Writing, like any art form, gives substance to our feelings. Art is emotion made solid. Whether a painting, a song or a story, we feel through art. Art is the purest way to express our feelings with each other whether it's screaming along to a chorus in the car or crying in the dark during a movie. We live through the art of each other.
When I was writing Jom the Light Wielder, I was in a bad space. I had fallen in love with the wrong man and my heart was in pieces. My instinct during those dark moments of life is to write dark, disturbing stories while listening to 80s emo bands. Edgar Allen Poe by way of The Cure. But I was in the middle of the story and I couldn't just write dark twisted tales.

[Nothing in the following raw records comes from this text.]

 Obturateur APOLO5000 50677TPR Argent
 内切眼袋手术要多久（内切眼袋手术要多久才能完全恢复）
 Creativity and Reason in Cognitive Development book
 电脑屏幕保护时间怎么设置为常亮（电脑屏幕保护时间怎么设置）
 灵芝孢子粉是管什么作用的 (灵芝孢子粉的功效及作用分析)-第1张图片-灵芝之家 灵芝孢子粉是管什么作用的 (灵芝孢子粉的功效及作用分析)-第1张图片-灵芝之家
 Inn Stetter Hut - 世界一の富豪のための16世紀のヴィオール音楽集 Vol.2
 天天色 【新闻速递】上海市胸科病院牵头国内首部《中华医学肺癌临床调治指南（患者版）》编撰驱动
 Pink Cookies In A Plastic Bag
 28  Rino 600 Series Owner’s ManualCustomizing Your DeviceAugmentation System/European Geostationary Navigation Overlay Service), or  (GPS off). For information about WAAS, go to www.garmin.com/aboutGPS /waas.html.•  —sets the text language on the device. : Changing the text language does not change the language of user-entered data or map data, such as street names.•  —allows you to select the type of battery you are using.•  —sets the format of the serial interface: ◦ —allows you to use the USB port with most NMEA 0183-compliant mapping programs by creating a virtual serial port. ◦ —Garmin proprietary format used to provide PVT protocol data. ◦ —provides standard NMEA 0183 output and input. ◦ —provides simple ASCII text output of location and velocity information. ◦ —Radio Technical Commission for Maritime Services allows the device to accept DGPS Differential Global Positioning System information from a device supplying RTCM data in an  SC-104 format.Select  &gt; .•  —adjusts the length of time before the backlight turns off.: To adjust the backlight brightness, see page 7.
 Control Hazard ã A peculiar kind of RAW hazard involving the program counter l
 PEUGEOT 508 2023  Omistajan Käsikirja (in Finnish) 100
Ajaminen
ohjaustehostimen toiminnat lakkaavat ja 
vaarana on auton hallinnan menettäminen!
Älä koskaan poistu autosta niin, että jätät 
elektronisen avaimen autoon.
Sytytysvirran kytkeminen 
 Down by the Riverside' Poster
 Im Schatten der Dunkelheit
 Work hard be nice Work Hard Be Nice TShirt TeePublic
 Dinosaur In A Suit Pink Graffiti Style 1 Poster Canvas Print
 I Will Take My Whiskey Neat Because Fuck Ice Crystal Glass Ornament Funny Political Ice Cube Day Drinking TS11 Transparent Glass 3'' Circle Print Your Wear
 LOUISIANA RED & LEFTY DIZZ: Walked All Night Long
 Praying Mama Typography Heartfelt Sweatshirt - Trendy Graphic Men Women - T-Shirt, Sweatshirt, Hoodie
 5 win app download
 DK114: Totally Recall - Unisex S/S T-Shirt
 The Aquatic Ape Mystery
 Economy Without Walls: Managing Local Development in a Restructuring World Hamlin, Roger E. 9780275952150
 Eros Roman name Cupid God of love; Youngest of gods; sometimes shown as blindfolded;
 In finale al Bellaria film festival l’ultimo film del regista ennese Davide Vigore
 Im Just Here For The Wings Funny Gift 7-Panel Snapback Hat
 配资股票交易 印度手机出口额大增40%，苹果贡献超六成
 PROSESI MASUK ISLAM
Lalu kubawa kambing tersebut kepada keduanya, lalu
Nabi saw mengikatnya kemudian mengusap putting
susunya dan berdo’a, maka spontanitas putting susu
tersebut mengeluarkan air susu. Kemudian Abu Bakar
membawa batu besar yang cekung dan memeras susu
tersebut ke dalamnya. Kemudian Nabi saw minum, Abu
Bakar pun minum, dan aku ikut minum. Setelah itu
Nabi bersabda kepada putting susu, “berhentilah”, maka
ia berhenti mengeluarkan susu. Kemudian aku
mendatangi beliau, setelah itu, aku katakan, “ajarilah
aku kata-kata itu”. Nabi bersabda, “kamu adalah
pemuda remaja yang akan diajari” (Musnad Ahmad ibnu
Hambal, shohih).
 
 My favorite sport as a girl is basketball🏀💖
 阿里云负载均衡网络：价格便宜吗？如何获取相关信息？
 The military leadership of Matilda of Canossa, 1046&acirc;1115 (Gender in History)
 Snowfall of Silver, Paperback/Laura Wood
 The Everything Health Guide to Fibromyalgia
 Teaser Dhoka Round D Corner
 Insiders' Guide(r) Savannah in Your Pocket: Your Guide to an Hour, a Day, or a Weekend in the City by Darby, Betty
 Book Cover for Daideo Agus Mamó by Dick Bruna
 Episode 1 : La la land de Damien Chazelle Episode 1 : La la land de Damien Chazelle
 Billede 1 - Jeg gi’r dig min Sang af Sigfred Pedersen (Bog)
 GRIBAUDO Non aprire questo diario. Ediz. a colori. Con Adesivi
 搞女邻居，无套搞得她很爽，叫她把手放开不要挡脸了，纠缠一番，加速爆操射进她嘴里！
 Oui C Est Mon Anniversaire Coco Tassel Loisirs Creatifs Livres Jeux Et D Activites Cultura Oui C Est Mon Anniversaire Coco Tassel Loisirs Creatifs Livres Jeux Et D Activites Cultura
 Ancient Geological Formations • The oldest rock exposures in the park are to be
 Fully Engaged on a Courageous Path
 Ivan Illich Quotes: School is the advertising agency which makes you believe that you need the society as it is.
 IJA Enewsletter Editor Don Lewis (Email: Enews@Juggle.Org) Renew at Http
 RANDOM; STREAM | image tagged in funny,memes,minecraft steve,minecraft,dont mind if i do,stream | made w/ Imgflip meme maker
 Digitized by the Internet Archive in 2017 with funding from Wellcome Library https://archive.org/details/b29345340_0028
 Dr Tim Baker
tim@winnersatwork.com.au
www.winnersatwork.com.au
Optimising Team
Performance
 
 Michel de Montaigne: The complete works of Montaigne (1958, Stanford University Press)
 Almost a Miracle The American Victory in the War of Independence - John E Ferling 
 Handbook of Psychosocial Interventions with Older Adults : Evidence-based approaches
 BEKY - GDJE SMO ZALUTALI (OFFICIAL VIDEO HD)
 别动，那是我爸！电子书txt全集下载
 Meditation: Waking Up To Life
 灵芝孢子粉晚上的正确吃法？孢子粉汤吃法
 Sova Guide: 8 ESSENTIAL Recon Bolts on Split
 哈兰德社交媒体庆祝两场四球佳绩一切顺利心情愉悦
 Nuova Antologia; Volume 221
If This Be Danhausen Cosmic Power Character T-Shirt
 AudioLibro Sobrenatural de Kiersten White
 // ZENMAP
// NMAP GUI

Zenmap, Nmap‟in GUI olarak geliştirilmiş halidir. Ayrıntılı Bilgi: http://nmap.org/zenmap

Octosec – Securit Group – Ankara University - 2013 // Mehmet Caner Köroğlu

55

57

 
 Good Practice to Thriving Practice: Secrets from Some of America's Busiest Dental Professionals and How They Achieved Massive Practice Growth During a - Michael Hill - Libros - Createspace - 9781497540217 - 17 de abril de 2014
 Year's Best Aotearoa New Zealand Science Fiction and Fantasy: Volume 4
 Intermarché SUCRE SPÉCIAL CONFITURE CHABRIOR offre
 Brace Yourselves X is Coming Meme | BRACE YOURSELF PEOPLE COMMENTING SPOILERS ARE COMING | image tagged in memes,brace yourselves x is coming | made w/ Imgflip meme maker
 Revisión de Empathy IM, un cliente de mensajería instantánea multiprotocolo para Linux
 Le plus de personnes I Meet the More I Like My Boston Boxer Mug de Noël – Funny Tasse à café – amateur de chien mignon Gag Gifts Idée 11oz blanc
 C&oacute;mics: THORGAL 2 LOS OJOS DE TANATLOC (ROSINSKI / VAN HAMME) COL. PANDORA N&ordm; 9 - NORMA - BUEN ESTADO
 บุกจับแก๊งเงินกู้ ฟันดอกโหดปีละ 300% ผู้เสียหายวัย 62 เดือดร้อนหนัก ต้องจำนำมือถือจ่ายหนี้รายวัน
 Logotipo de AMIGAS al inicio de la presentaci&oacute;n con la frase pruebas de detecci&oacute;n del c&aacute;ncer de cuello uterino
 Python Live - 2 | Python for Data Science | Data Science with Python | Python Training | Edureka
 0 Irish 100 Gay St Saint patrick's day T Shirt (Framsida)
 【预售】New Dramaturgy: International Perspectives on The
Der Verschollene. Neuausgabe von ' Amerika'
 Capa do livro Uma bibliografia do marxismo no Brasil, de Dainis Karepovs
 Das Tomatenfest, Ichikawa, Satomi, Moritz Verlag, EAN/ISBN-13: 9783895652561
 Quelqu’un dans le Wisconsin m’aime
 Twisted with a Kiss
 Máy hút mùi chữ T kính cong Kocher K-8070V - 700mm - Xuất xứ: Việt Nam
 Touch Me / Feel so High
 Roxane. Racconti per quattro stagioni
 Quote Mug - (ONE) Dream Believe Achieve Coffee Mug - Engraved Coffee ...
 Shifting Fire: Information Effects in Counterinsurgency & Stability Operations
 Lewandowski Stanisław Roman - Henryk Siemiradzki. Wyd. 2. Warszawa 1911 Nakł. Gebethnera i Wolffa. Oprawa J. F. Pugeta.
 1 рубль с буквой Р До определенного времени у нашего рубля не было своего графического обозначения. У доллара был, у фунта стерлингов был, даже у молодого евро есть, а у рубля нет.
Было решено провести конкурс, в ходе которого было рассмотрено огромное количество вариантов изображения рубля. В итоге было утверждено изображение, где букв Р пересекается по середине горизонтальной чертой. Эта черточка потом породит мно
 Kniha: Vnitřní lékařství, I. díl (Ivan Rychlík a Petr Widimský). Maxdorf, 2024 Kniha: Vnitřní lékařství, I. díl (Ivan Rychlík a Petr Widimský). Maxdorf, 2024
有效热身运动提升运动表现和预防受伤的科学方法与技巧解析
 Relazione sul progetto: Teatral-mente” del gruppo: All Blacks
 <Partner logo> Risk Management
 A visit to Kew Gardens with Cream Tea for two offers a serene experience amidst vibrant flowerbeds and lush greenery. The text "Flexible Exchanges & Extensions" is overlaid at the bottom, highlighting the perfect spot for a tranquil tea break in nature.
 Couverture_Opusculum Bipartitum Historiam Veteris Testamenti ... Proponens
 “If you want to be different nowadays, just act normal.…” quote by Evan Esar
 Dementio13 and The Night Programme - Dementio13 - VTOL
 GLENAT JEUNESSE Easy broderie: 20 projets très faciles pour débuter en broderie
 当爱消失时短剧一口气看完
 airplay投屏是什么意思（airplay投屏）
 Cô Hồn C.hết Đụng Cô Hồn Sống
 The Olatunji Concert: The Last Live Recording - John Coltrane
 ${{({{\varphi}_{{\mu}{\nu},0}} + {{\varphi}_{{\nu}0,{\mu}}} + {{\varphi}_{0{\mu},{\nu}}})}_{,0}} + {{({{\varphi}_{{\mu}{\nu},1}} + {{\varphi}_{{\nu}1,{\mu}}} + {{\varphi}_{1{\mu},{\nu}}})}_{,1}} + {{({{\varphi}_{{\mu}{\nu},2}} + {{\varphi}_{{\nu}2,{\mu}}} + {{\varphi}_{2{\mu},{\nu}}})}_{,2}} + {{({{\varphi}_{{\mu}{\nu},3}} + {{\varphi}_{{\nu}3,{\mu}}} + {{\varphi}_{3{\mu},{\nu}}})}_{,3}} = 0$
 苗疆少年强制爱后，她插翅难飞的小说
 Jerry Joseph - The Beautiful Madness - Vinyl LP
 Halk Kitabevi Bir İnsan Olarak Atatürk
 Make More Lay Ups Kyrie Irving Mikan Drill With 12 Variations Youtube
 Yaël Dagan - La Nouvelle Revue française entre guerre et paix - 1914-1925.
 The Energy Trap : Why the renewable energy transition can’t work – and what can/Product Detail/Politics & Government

Although it was the second of three books--typically the darkest part of a trilogy--and I knew there would be dark times ahead for Jom and his friends, I couldn't bring myself to jump completely into the abyss. Not that I didn't dip my foot into it, though. There are quite a few chapters of the book that are dark and disturbing--Dreams of Shadows Casting People, Crnobog and of course, The Lighthouse.
It was while I was writing The Lighthouse that I realized I needed to confront my emotions about my break-up. I needed to express what I was feeling...all the love and all the hate. All the hurt but also all the hope. As much as I wanted to wallow in my heartache, I had to believe there were brighter days ahead. Finding a way to survive the night and see the dawn is all we can do sometimes.
The story about my relationship was worked and re-worked, discarded then brought back. I couldn't find the right words to express what I needed to without resorting to cheesy, drippy dialog or characters. So I put that chapter aside and and sloughed forward. Then I wrote a chapter about hope. I hadn't intended to. I was just writing, letting my fingers act as a conduit to something other than my thoughts and it spilled out. The Crystal Heart Song of Rafk became a touchstone for my heart. Suddenly, I knew where Jom would go.
And I knew where my heart would go as well.
I re-worked the story about my relationship and layered it into the over-arching narrative. Suddenly, this dark, depressing middle of the trilogy became a story of hope and wonder. There were horrible moments and there was loss and tears and depression. But ultimately, Jom, like me, came through the darkness.
When people say their art helps get them through the rough times, they rarely can express exactly how it helps. Hand waving and 'it just helps' doesn't explain anything. For me, writing about my loss meant being honest with myself in a way that was raw and unbiased. It was confronting those dark thoughts. Not to suppress them or ignore them or shame them, but to show them up for all to see because it's all right to feel that way sometimes. It's all right to have dark thoughts, to wish bad things and to sob into your pillow and to sometimes just feel dead inside. We can't be the person we're meant to be if we don't embrace all of that.
I am who I am because of my losses and my victories, my failures as much as my successes. I try to be a better man most days. Some days I don't. Some days I just want to see the world burn. Thankfully most days I want to build a better world though. I learn from my mistakes (usually) and try to do better (mostly.)
And I'll continue to write about what goes on in my heart and in my head. I'll couch my feelings in silliness and wrap my thoughts in stories. After all, storytelling is the art of telling the truth through lies.